[Work item]: Restate the listing below word for word; no picture is to be carried over.

:: Dataset extract ::

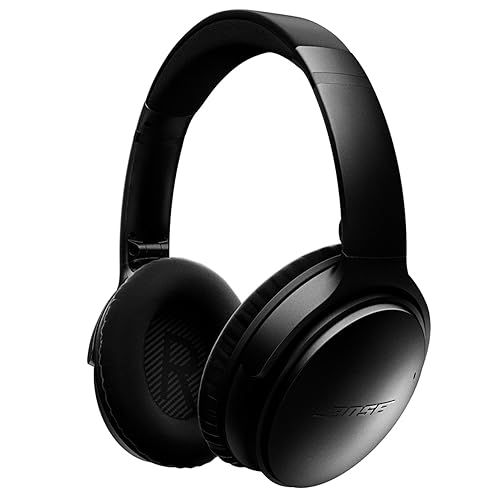 Bose QuietComfort 35 (Series I)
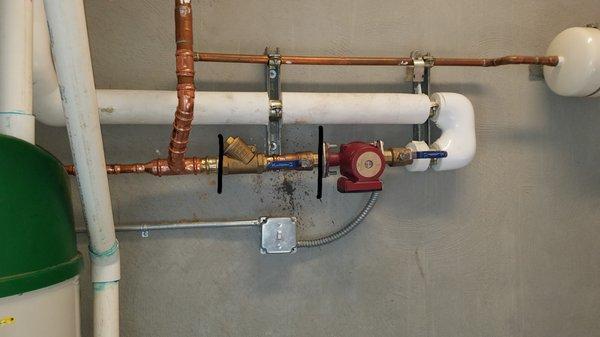 Demakas Plumbing & Heating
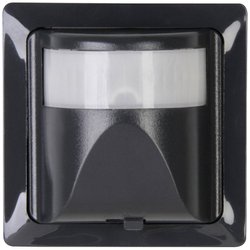 Płytka przycisku Kopp ATHENIS, Paris 808405188, czarny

:::

[Solution for this problem]:
 Bose QuietComfort 35 (Series I)
 Demakas Plumbing & Heating
 Płytka przycisku Kopp ATHENIS, Paris 808405188, czarny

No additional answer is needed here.